What is needed » When you reach the line containing "Certified 2025 Nissan Kicks SV image 25" in the records below, set it down exactly, together with every later line through the end, but not the pictures.

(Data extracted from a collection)
################
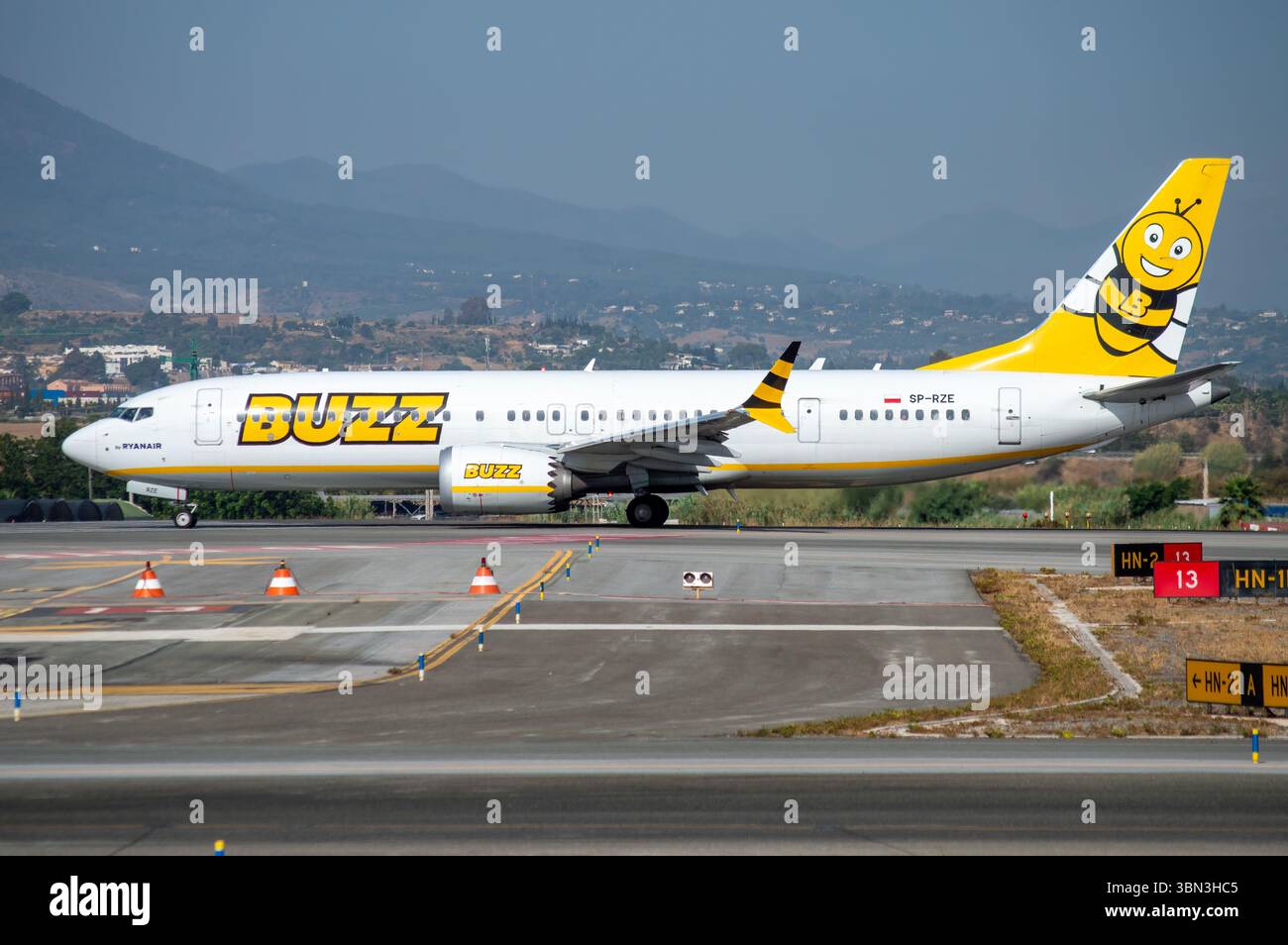 Avión de Línea moderno Boeing 737 MAX de la aerolínea de bajo coste Buzz, filial de Ryanair en el aeropuerto de Málaga con matrícula SP-RZE Banque D'Images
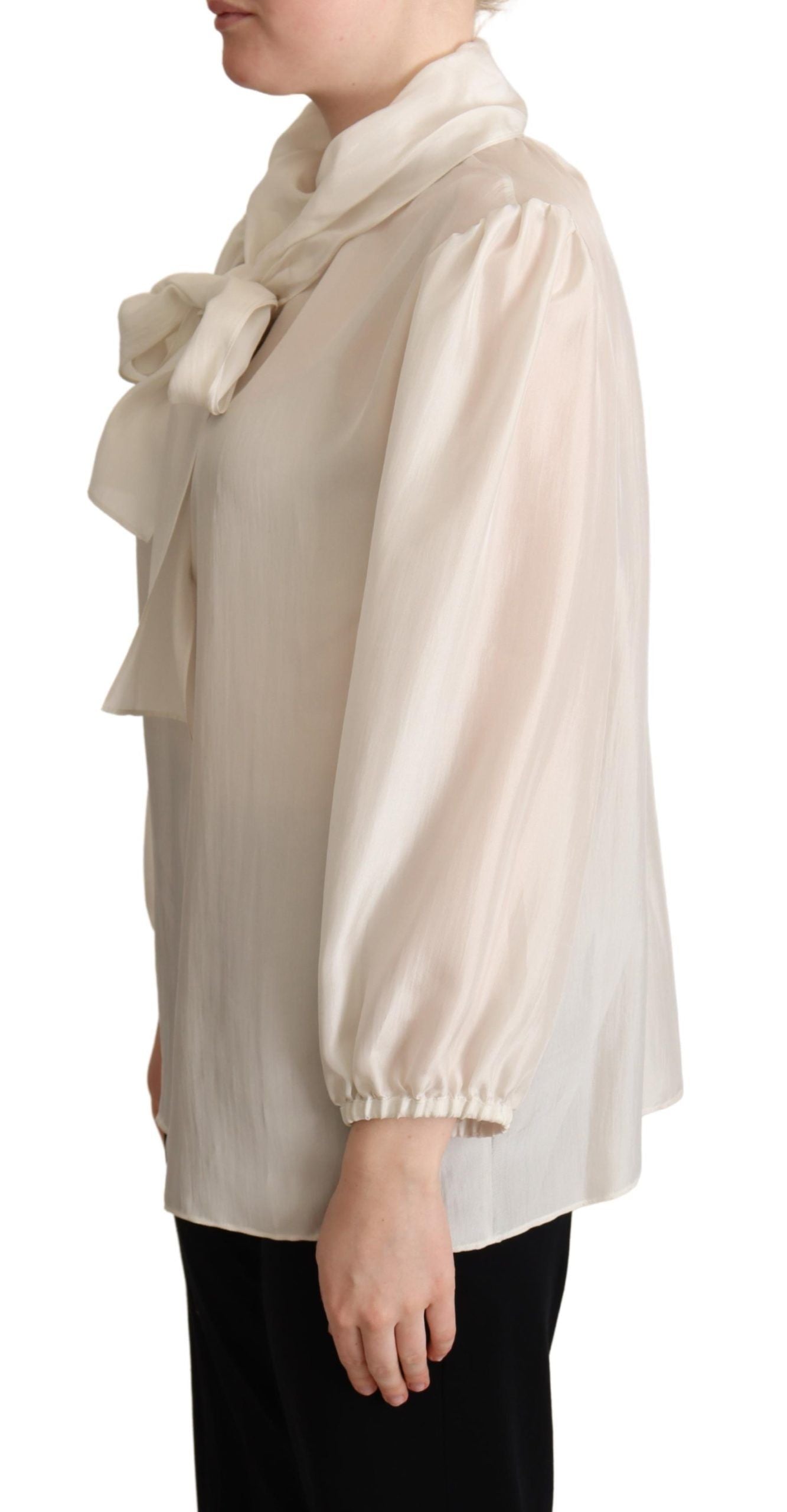 Blusa de seda con cuello Ascot en color gris claro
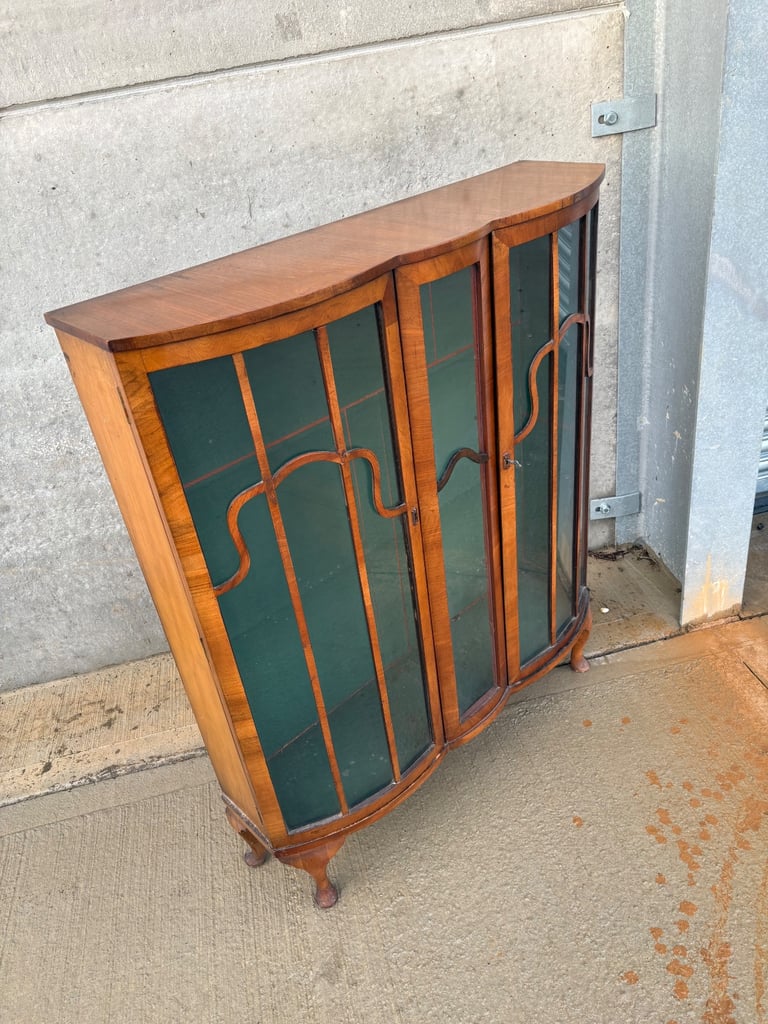 1930 art deco Spriggs & co display cabinet 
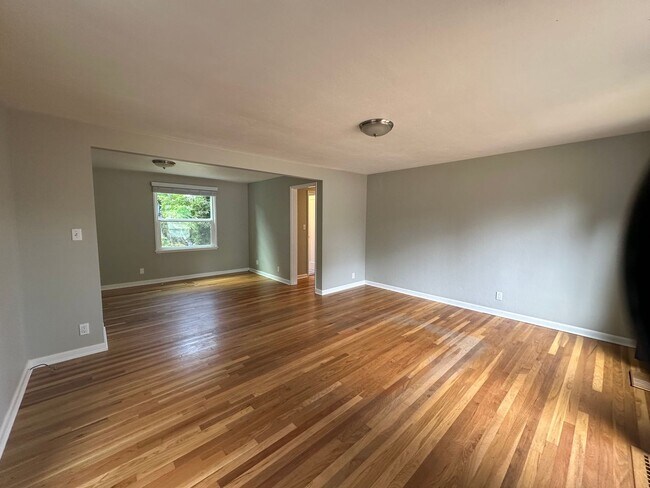 Foto del edificio - Available Now! 4 bed, 2 bath house in Shoreline!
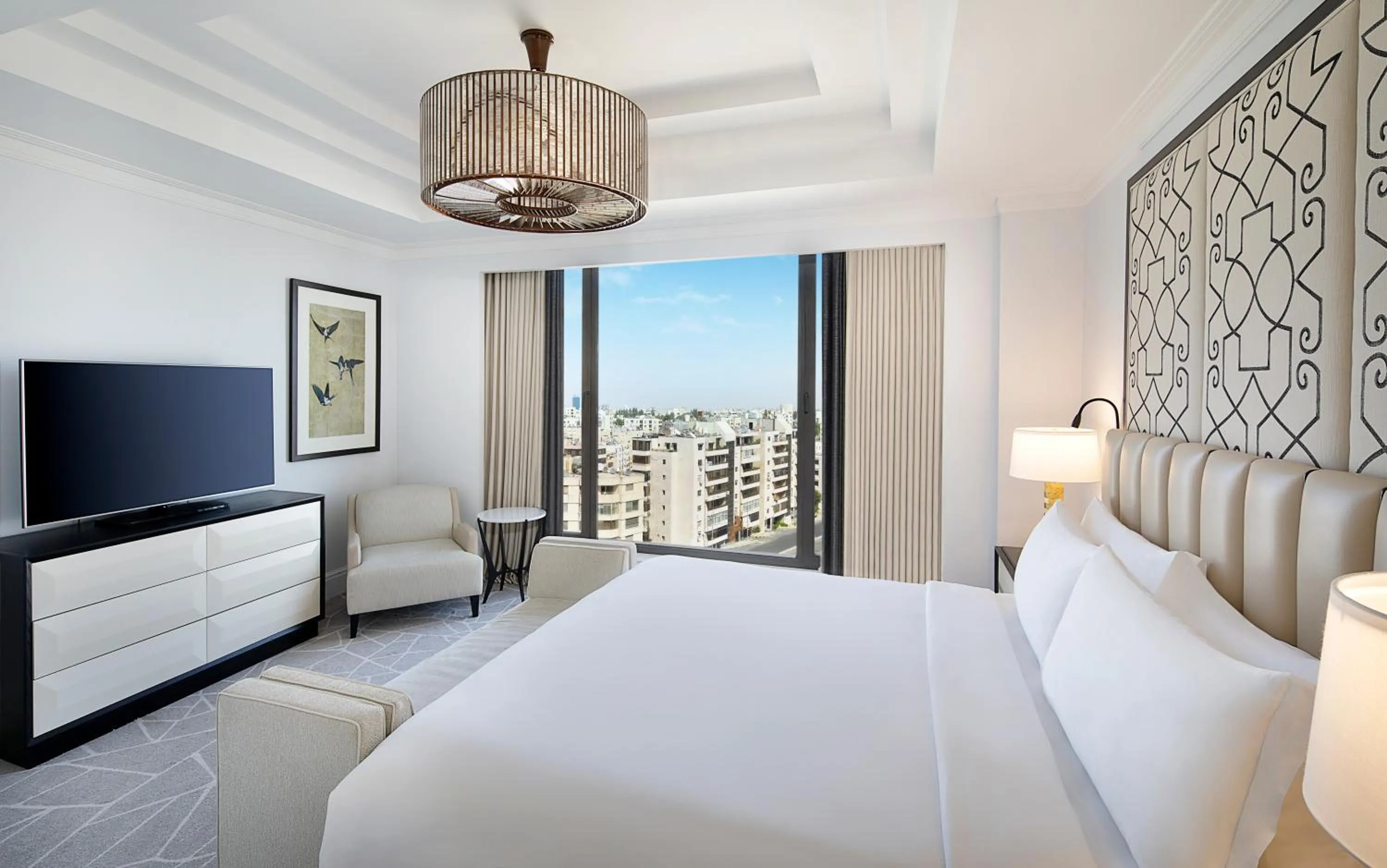 Bedroom, Bed in The St. Regis Amman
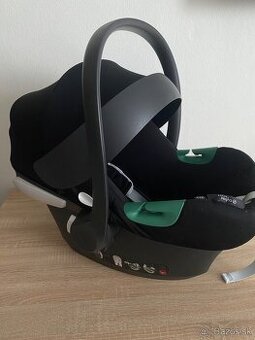 Vajíčko so základňou Cybex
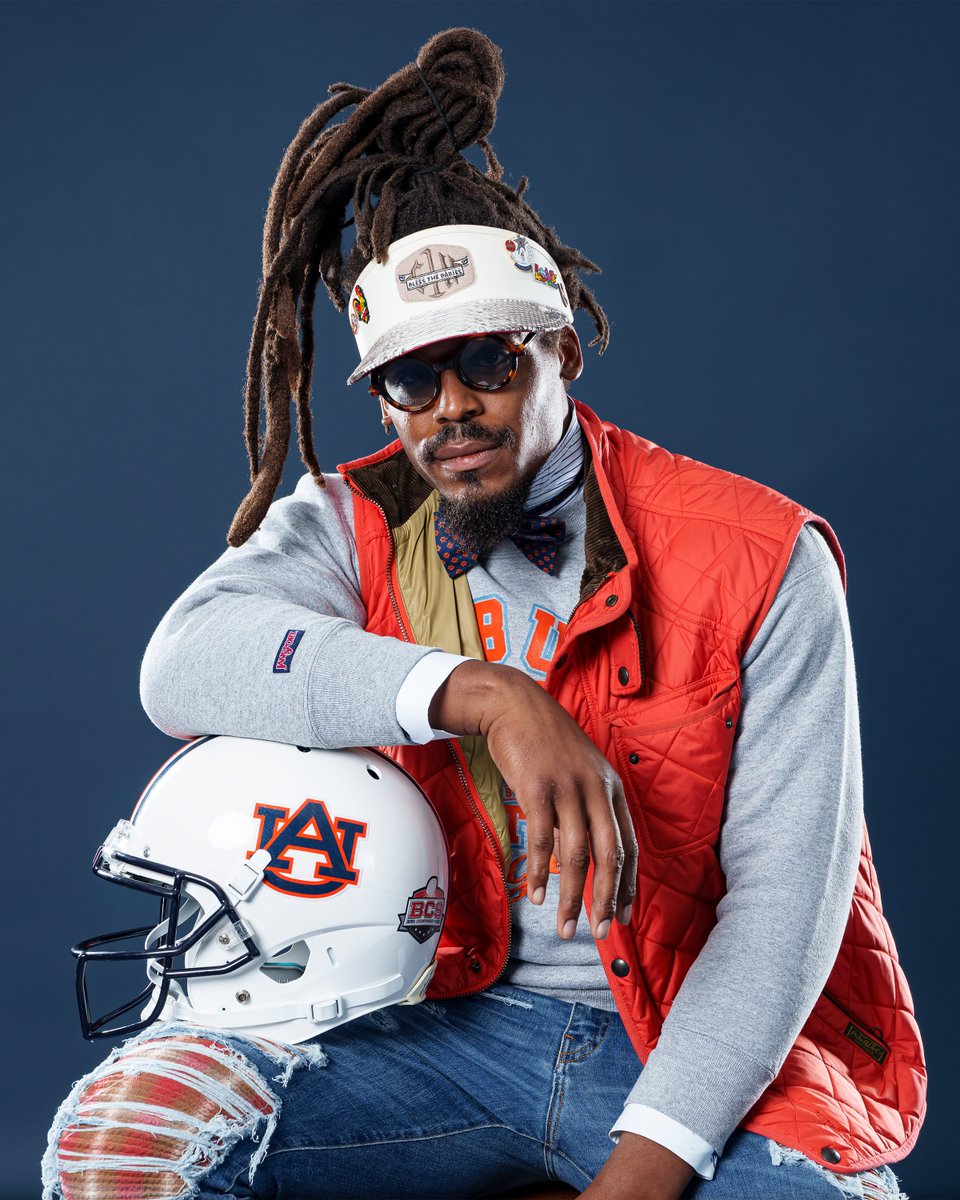 🏆 National Champion 🏆 Heisman Trophy Winner 🏆 NFL Rookie of the Year 🏆 NFL MVP There will never be another No. 2 🦅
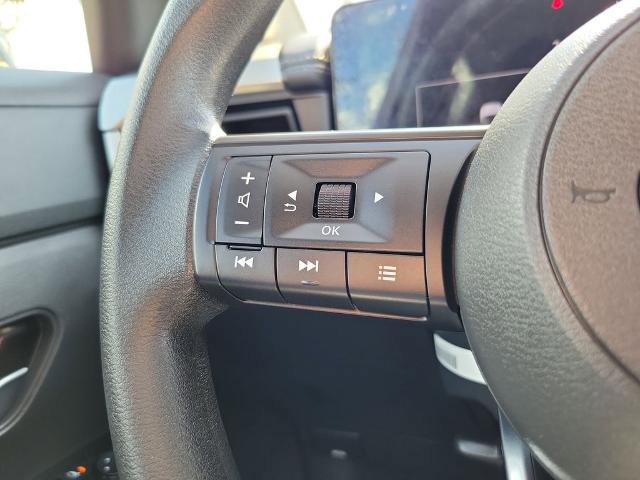 Certified 2025 Nissan Kicks SV image 25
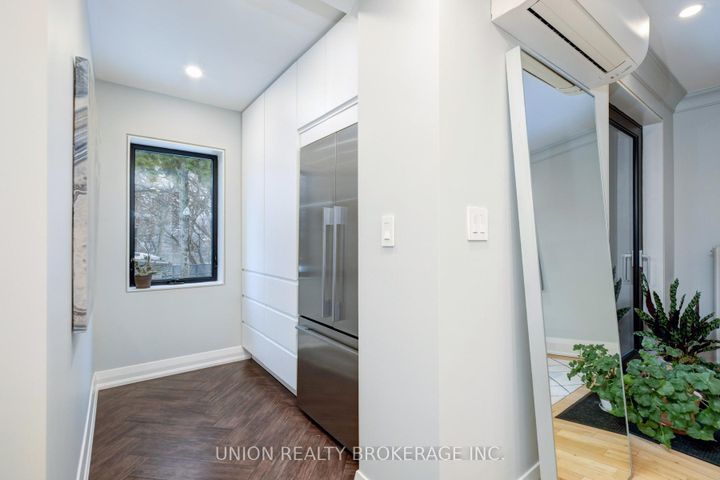 Photo 15 at 10 Hollywood Crescent, Woodbine Corridor, Toronto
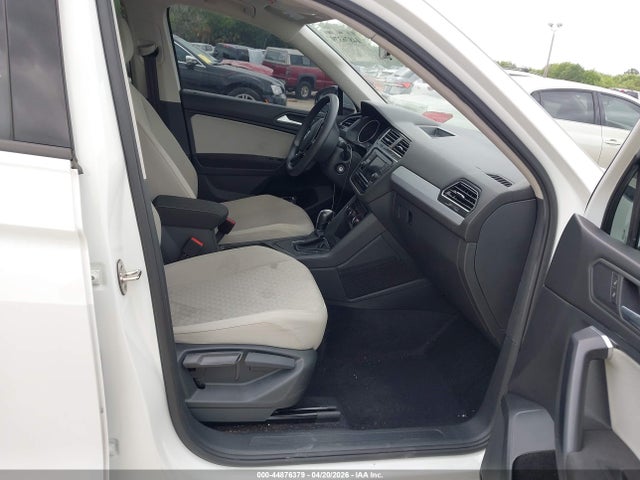44876379 :رقم المزاد ، 3VV1B7AX7MM066455 vin ، 2021 Volkswagen Tiguan 2.0t S مزاد بيع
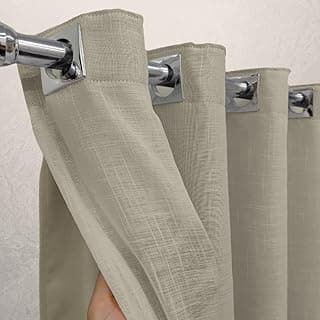 Cortina de gaze de linho palha com forro blackout, cor bege, alta qualidade, fixada a um suporte de metal prateado.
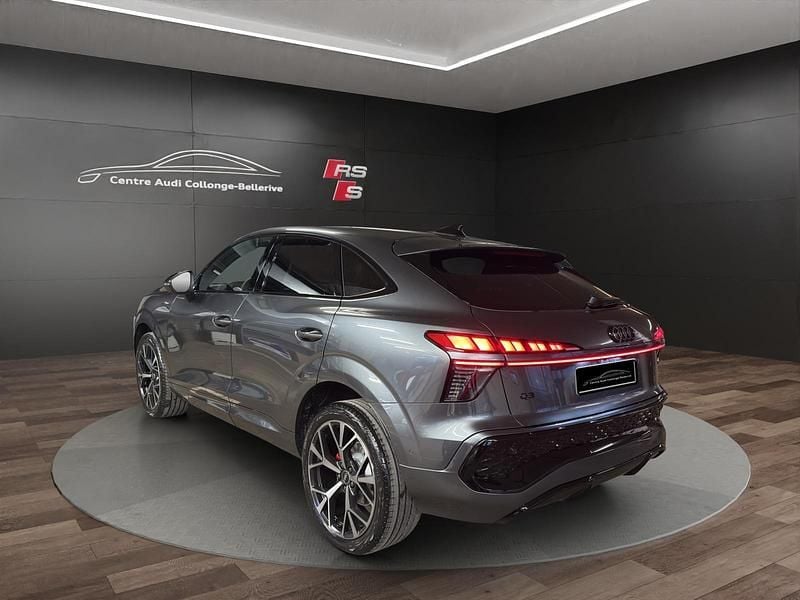 Neu Audi Q3 Sportback Ambiente 150 PS (110 kW) 2026 Grau SUV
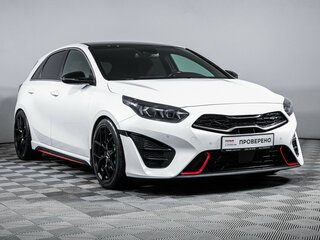 2021 Kia Ceed III Рестайлинг, белый, 2149000 рублей, вид 3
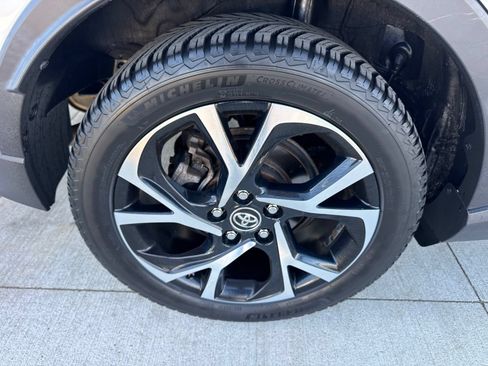 Used 2018 Toyota C-HR XLE FWD image 18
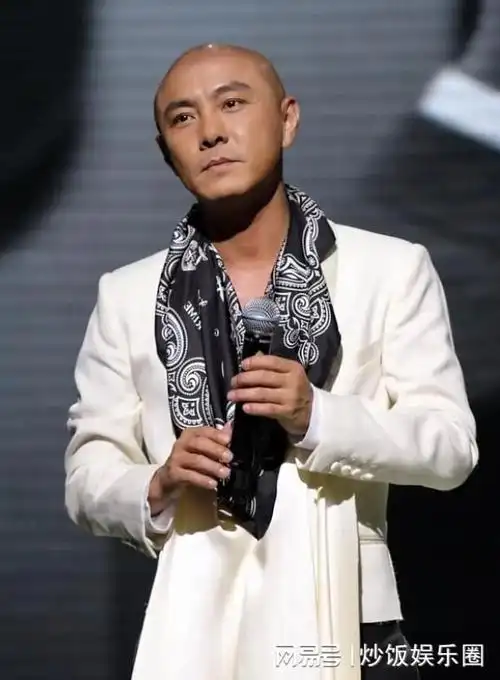 59岁男星张卫健意外出事!被钢琴砸伤直呼没事,结婚15年膝下无子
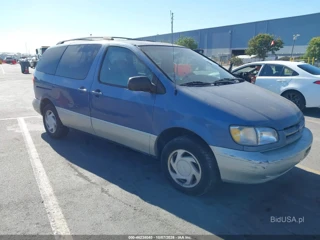 TOYOTA TOYOTA SIENNA XLE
################
Written solution »
 Certified 2025 Nissan Kicks SV image 25
 Photo 15 at 10 Hollywood Crescent, Woodbine Corridor, Toronto
44876379 :رقم المزاد ، 3VV1B7AX7MM066455 vin ، 2021 Volkswagen Tiguan 2.0t S مزاد بيع
 Cortina de gaze de linho palha com forro blackout, cor bege, alta qualidade, fixada a um suporte de metal prateado.
 Neu Audi Q3 Sportback Ambiente 150 PS (110 kW) 2026 Grau SUV
 2021 Kia Ceed III Рестайлинг, белый, 2149000 рублей, вид 3
 Used 2018 Toyota C-HR XLE FWD image 18
 59岁男星张卫健意外出事!被钢琴砸伤直呼没事,结婚15年膝下无子
 TOYOTA TOYOTA SIENNA XLE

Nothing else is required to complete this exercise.